Friday, April 20, 2012

Critique of pure Rush


via Power Line by Scott on 2/3/11

(Scott)
Rush Limbaugh -- the great Maharushi -- presides as the proprietor, dean,and star faculty member of the Limbaugh Institute for Advanced Conservative Studies. Or so he says.
But how is Rush himself to be understood? For help in understanding Rush we can draw on the sympathetic study Rush Limbaugh: An Army of One, by Zev Chafets. Chafets "relished [Rush's] bravado, laughed at his outrageous satire, and admired his willingness to go against the intellectual grain."
David Frum was not amused. In his judgment, Rush's success as a spokesman of conservatism "was American conservatism's problem." (And Frum was American conservatism's savior.)
Now comes Wilfred McClay to the study of deep Rush.

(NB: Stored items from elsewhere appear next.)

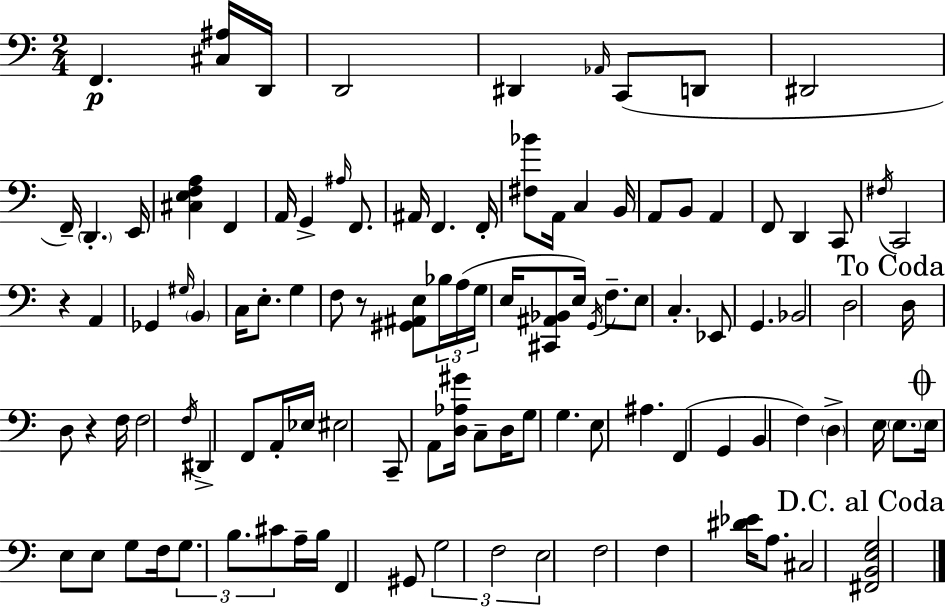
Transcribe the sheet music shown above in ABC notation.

X:1
T:Untitled
M:2/4
L:1/4
K:C
F,, [^C,^A,]/4 D,,/4 D,,2 ^D,, _A,,/4 C,,/2 D,,/2 ^D,,2 F,,/4 D,, E,,/4 [^C,E,F,A,] F,, A,,/4 G,, ^A,/4 F,,/2 ^A,,/4 F,, F,,/4 [^F,_B]/2 A,,/4 C, B,,/4 A,,/2 B,,/2 A,, F,,/2 D,, C,,/2 ^F,/4 C,,2 z A,, _G,, ^G,/4 B,, C,/4 E,/2 G, F,/2 z/2 [^G,,^A,,E,]/2 _B,/4 A,/4 G,/4 E,/4 [^C,,^A,,_B,,]/2 E,/4 G,,/4 F,/2 E,/2 C, _E,,/2 G,, _B,,2 D,2 D,/4 D,/2 z F,/4 F,2 F,/4 ^D,, F,,/2 A,,/4 _E,/4 ^E,2 C,,/2 A,,/2 [D,_A,^G]/4 C,/2 D,/4 G,/2 G, E,/2 ^A, F,, G,, B,, F, D, E,/4 E,/2 E,/4 E,/2 E,/2 G,/2 F,/4 G,/2 B,/2 ^C/2 A,/4 B,/4 F,, ^G,,/2 G,2 F,2 E,2 F,2 F, [^D_E]/4 A,/2 ^C,2 [^F,,B,,E,G,]2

In one of the featured articles in the February Commentary, Professor McClay explains "How to understand Rush Limbaugh," now available online. Professor McClay holds the SunTrust Bank Chair of Excellence in Humanities at the University of Tennessee at Chattanooga. He brings a scholar's temperament to the critique of pure Rush.
Professor McClay describes Rush's shtick: "Limbaugh's use of comedy and irony and showmanship are integral to his modus operandi, the judo by which he draws in his opponents and then uses their own force to up-end them. And unless you make an effort to hear voices outside the echo chamber of the mainstream media, you won't have any inkling of what Limbaugh is all about or of how widely his reach and appeal extend."

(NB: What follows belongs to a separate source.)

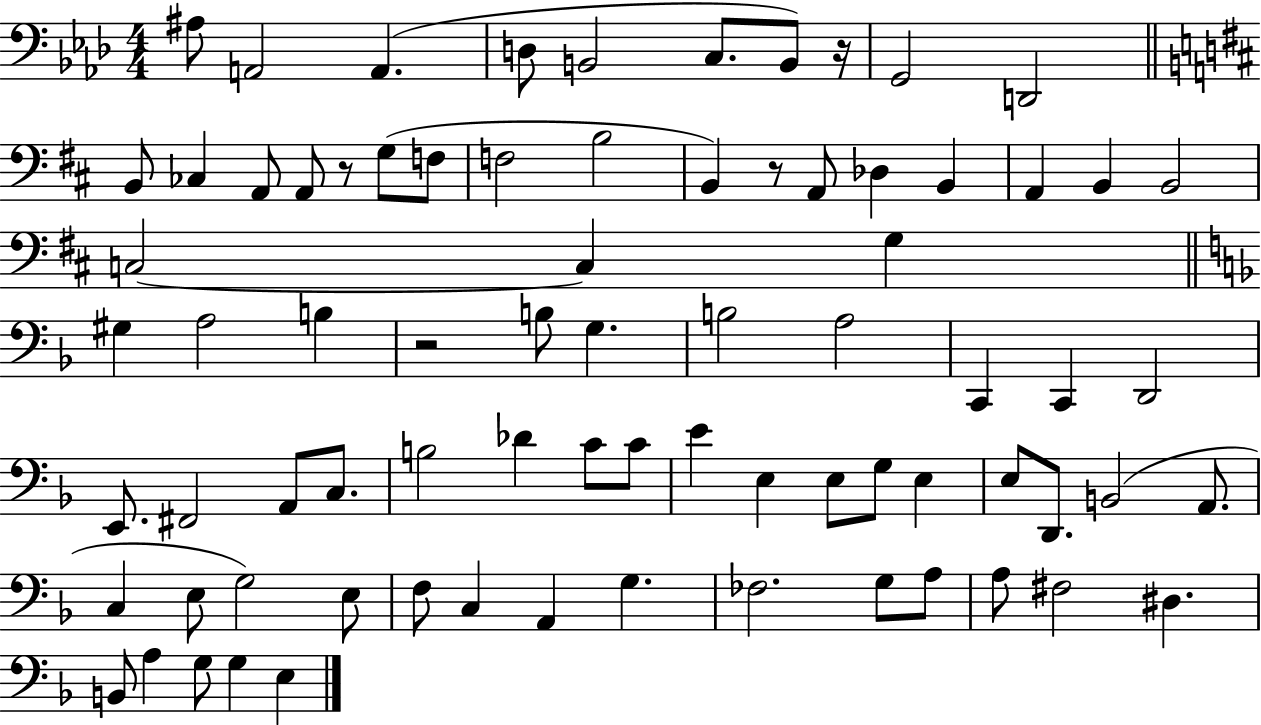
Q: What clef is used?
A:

He expands on this point: "[Limbaugh] conducts his show in an air of high-spiritedness and relaxed good humor, clearly enjoying himself, always willing to be spontaneous and unpredictable, even though he is aware that every word he utters on the air is being recorded and tracked by his political enemies in the hope that he will slip up and say something career-destroying." Professor McClay adopts the case study approach to the critique of pure Rush:
There are countless examples of his judo skills at work, but perhaps the most spectacular was the one in the fall of 2007, in which Senate Majority Leader Harry Reid sought to humiliate Limbaugh only to have the humiliation returned to him threefold. Limbaugh had a caller who complained that the mainstream media would not interview "real soldiers" in Iraq but instead sought out the disgruntled. Limbaugh, in agreement, cited the case of Jesse MacBeth, an Army enlistee who had failed to make it through boot camp but lied about his lack of real military service in order to speak credibly at anti-war rallies. Limbaugh called MacBeth, accurately, a "phony soldier." But his statement was quickly pulled out of context by Media Matters, one of the Democratic groups that monitors Limbaugh's every word, and was reframed as a swipe at all soldiers who had misgivings about the war. Limbaugh was denounced in the House for "sliming" the "brave men and women." Reid used the occasion to address the Senate and deplore Limbaugh's "unpatriotic comments" for going "beyond the pale of decency" and then wrote a letter to Limbaugh's syndicator demanding that the talk-show host be repudiated.
But Reid overplayed his hand. Far from running from the controversy, Limbaugh embraced it. He read Reid's letter on the air, revealing it for the dishonest and bullying document it was, and then, in a stroke of pure genius, announced that he would auction it on eBay and give the proceeds to a military charitable foundation. The letter was sold for $2.1 million, and Rush matched the contribution with his own $2.1 million. Reid could only express his pleasure that the letter had done so much good. He had been flipped onto his back.
Professor McClay recounts the birth of political talk radio with the repeal of the Fairness Doctrine in 1987. It was Rush who seized on the opportunity presented by the new freedom. What did he have to offer:? Here Professor McClay explains:
[W]hat he gave talk radio was a sense of sheer fun, of lightness, humor, and wit, whether indulging in his self-parodying Muhammad Ali-like braggadocio, drawing on his vast array of American pop-cultural reference points, or, in moving impromptu mini-sermons, reminding his listeners of the need to stay hopeful, work hard, and count their blessings as Americans. In such moments, and in many other moments besides, he reminds one of the affirmative spirit of Ronald Reagan and, like Reagan, reminds his listeners of the better angels of their nature. He transmutes the anger and frustration of millions of Americans into something more constructive.
At the heart of the phenomenon McClay sees a revolt against the elites:
[A] problem of long-standing in our culture has reached a critical stage: the growing loss of confidence in our elite cultural institutions, including the media, universities, and the agencies of government. The posture and policies of the Obama presidency, using temporary majorities and legislative trickery to shove through massive unread bills that will likely damage the nation and may subvert the Constitution, have brought this distrust to a higher level. The medium of talk radio has played a critical role in giving articulate shape and force to the resistance. If it is at times a crude and bumptious medium, it sometimes has to be, to disarm the false pieties and self-righteous gravitas in which our current elites too often clothe themselves. Genuinely democratic speech tends to be just that way, in case we have forgotten.
Professor McClay's essay is the prolegomenon to any future study of Rush that will be able to present itself as a science.